Fiesta Smothered Chicken

Serves 2.

Note: Wear disposable gloves when cutting hot peppers because the oils can burn skin. Recipe can be easily doubled. From “Recipes Across America,” from Taste of Home.

• 3 tbsp. reduced-sodium soy sauce

• 1 tbsp. Worcestershire sauce

• 1/4 tsp. garlic powder

• 2 boneless, skinless chicken breast halves (5 oz. each)

• 1/2 c. sliced fresh mushrooms

• 1/4 c. chopped onion

• 4 tsp. chopped, seeded jalapeño pepper (see Note)

• 6 tsp. butter, divided

• 1/4 c. shredded pepper jack cheese

• 1/4 c. shredded Cheddar cheese


In a large, resealable plastic bag, combine soy sauce, Worcestershire sauce and garlic powder; add the chicken. Seal bag and turn to coat; set aside.

In a large nonstick skillet coated with cooking spray, sauté the mushrooms, onion and jalapeño in 2 teaspoons butter until tender. Remove and keep warm.

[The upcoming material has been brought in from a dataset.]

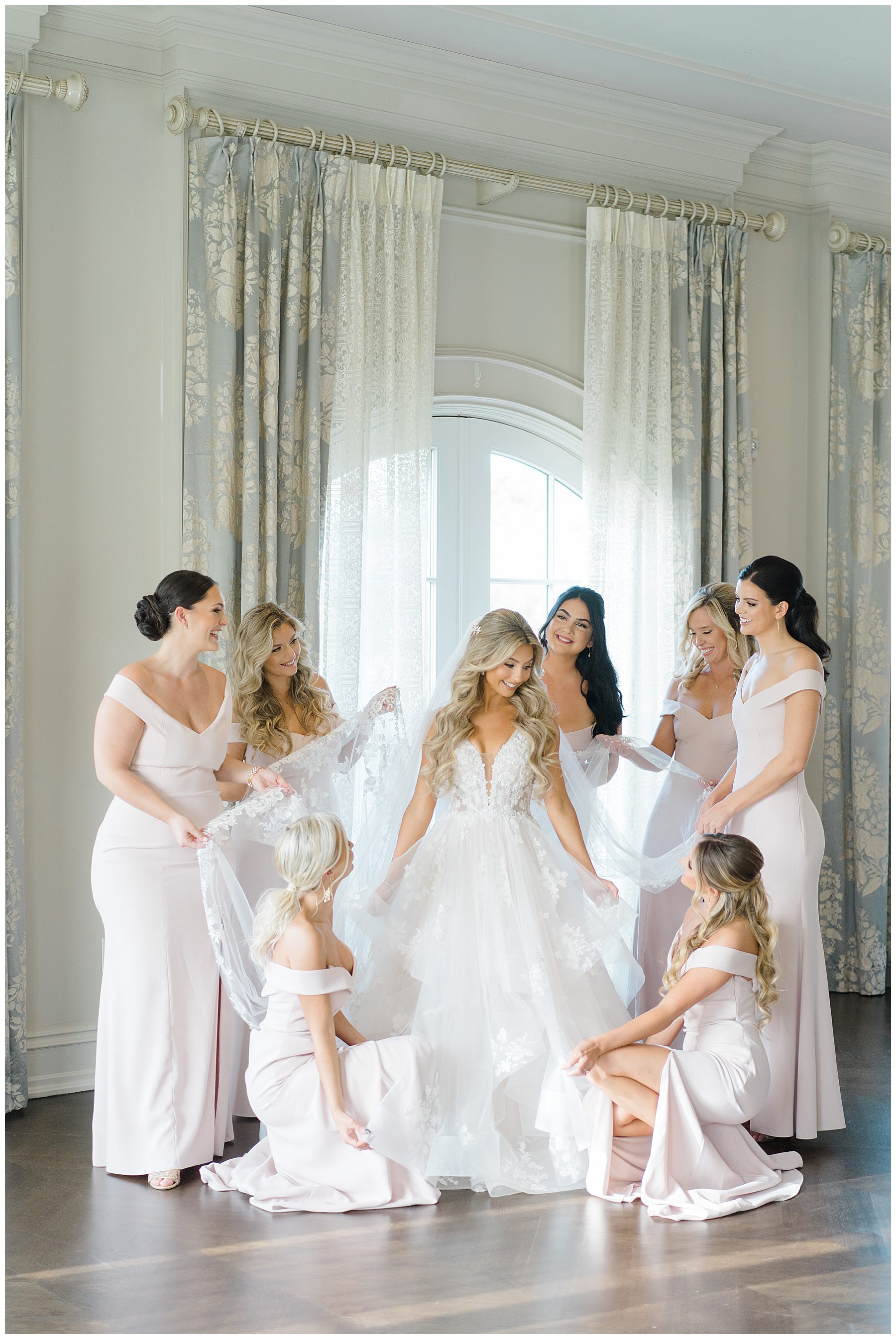 Bridesmaids helping bride to get ready in bridal suite before Park Chateau Fall Wedding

Drain and discard marinade. In the same skillet, cook chicken in remaining butter over medium heat for 4 to 5 minutes on each side or until a thermometer reads 165 degrees. Spoon vegetable mixture over each chicken breast; sprinkle with cheeses. Cover and cook for 1 to 2 minutes, or until cheese is melted.